Last week we wrote about how bi(OS) was hit with the load equivalent to two black Fridays on Thursday by tier-1 global retailers during Black Friday. While we are proud of our achievement, we don’t take our customers’ reliability for granted. Although, we do take a significantly different approach. Read on to learn why observability is a bi(OS) feature and not a product/company/magic-quadrant.
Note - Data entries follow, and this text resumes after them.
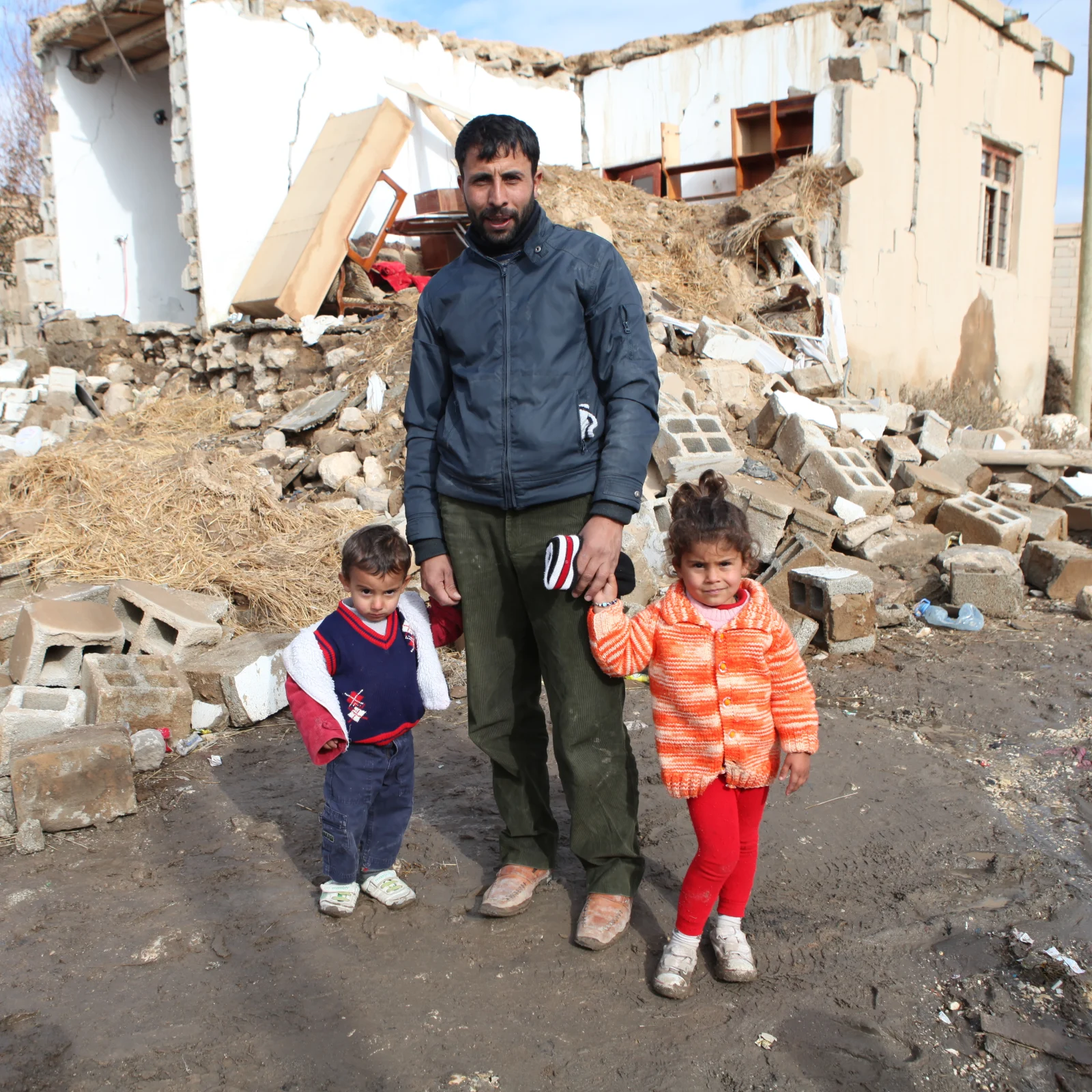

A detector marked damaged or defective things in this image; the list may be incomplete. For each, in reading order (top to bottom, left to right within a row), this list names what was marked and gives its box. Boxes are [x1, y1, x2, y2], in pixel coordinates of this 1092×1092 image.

cracked wall [42, 51, 197, 321]
cracked wall [183, 0, 585, 328]
cracked wall [834, 0, 1065, 412]
broken concrete slab [270, 386, 347, 432]
broken concrete slab [773, 410, 830, 472]
broken concrete slab [794, 448, 895, 515]
broken concrete slab [930, 495, 1031, 554]
broken concrete slab [1018, 541, 1092, 603]
broken concrete slab [0, 690, 86, 777]
broken concrete slab [8, 603, 125, 685]
broken concrete slab [10, 721, 136, 830]
broken concrete slab [80, 650, 192, 738]
broken concrete slab [109, 581, 228, 655]
broken concrete slab [186, 633, 292, 725]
Build your own {Data|ML|DevOps|SecOps …} observability

Our SRE teams have worked with the best possible observability tools in the past – Splunk, Google StackDriver, Prometheus, Grafana, ELK, DataDog, etc.  When we looked for the best observability solution, it felt like the market provided feature-rich, impact-poor answers.  We asked why can’t bi(OS) observe itself?  We perfected capabilities that can deliver impact without breaking the bank.

Goals

When we embarked on this journey, we set three goals for ourselves:

  • Systems, Data, ML observability, should follow the same learning curve – we are a small, agile team and can’t afford to die by a thousand cuts…er tools.
  • Both push and pull modes of ingestion should be supported for various data sources in CSV and JSON formats.
  • The solution should be SRE-friendly and multi-cloud ready, given bi(OS) runs on GCP, AWS, and Azure.

The Solution 

We used Fluentbit as an SRE-friendly solution to record and forward various metrics from various bi(OS) components. Also, agentless instrumentation was performed via deeper instrumentation of the apps and APIs. All system metrics (e.g., CPU, memory, DB), application logs (e.g., Errors, INFO, Warnings), and data quality metrics were stored within bi(OS). The results were enlightening.

The key highlights of the solution were

  • The entire solution was implemented in a day for our primary cluster responsible for serving Tier-1 retailers.
  • We used the same solution for operational and systems metrics, while our customers used the same interface for keeping a tab on their own business.
  • The solution didn’t add more than 5% overhead on the existing cluster.

Conclusion

At Isima, observability isn’t a product/feature/tool that is bolted on; it’s built-in.  Being true to our Telco-grade promise to our customers, we don’t expect them to buy/integrate solutions to observe bi(OS).  bi(OS) has already been battle-tested for a pre-Black Friday 6x regular load with observability built-in.  Experience features such as Top-N, Cyclical Comparison, X and Y split-by, and Derived metrics with a swipe.